Moulaye Gassama est aujourd’hui tailleur. Il s’avance avec des béquilles. C’est en 1996 qu’il a sauté sur une mine près de son village de Saliote, il avait 9 ans à l’époque: «j’allais aux champs, je rentrais à la maison vers 18h. Les gens qui m’accompagnaient disaient 'viens, il fait nuit'. J’ai dit ; je ne peux pas bouger ».

Qui avait posé cette mine antipersonnel ? Impossible de la savoir. Mais deux ans plus tard, après plusieurs incidents et attaques, tous les villageois de Saliote ont quitté les lieux.

Ceux de Bafata, eux, étaient déjà partis, dès 1992, il y a près de trente ans. C’était au mois d’octobre se souvient le chef du village, Malamine Preira : « Ils ont brûlé le village. »

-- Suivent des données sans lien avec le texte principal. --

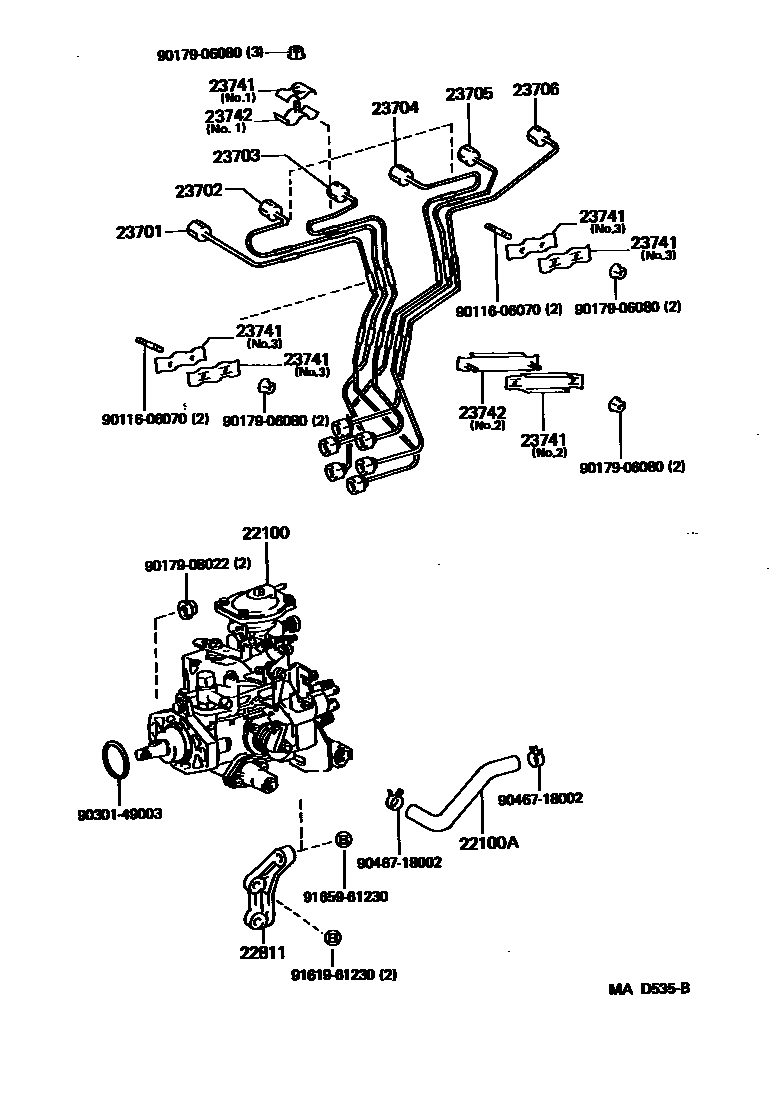 2202 — INJECTION PUMP ASSEMBLY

Depuis, il se rend sur son champ d’anacarde régulièrement pour récolter les noix de cajou, mais ne reste que quelques heures près du village abandonné : « C'est un risque. Tu ramasses, les gars viennent et t’arrachent, c’est un risque».

L’armée affirme désormais que les populations peuvent rentrer en sécurité. Malamine Preira lui, préfère encore attendre : « On va attendre jusqu'au mois d'avril. On verra si on peut retourner là-bas ».

Le dilemme

Certains déplacés oscillent entre espoir et prudence et se demandent s'il faut rentrer ou rester. Dispersés mais toujours liés, la quarantaine de familles qui ont fui le village de Saliote en 1998 gardent le contact via un groupe WhatsApp. Linko Gassama, le chef de village, est déplacé dans la commune de Djibanar, à une dizaine de kilomètres. « On est en contact, c’est l’""union de Saliote"", on peut s’échanger des idées en un clin d’œil. »

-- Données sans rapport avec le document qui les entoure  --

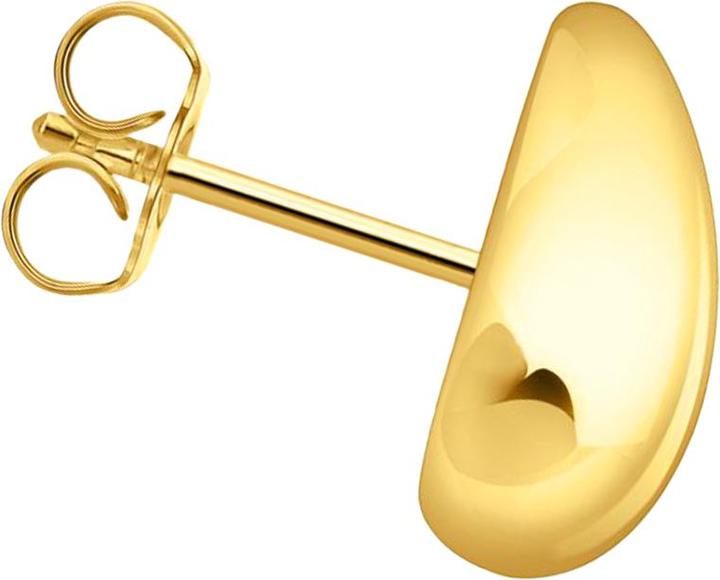 Image du produit Thomas Sabo Boucles d'oreilles en forme de goutte organique (Or jaune 750 plaqué or, Argent 925)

Et sur le groupe, les récents messages concernent les opérations militaires dans la région. « Les gens pointent du doigt la sécurité. On a quitté Saliote, des gens ont été tués, sont tombés sur des mines… Ceux qui disent qu’on n’ose pas retourner, ils disent ce qu’ils ont à dire… Inch’Allah, si Dieu le veut. Ça dépend aussi de l’accompagnement. »

Linko Gassama, chef de village de Saliote, village déserté en 1998, deplacé dans la commune de Djibanar. « On a créé un groupe Whatsapp pour garder le contact » © RFI/Charlotte IdracLégende

 

 

Un « accompagnement » pour reconstruire la localité, les maisons, le puits, le centre de santé… Sidou Gomis, lui, est aujourd’hui installé en Guinée Bissau. Il était enfant quand il a quitté Saliote. Il rentrera s’il y a du travail. « On a des noix de cajou, des oranges, des mangues… Si on retrouve la paix, tout le monde travaille. Il y a même des gens qui voulaient ouvrir des projets, mais avec ces emmerdements–là, est ce que ça aura lieu ou pas ? »

La commune d’Adéane, à quelques kilomètres, a été choisie par le gouvernement pour abriter une « agropole », un parc agro-industriel. L’avancée du projet dépendra de la stabilité de la zone, dans la durée.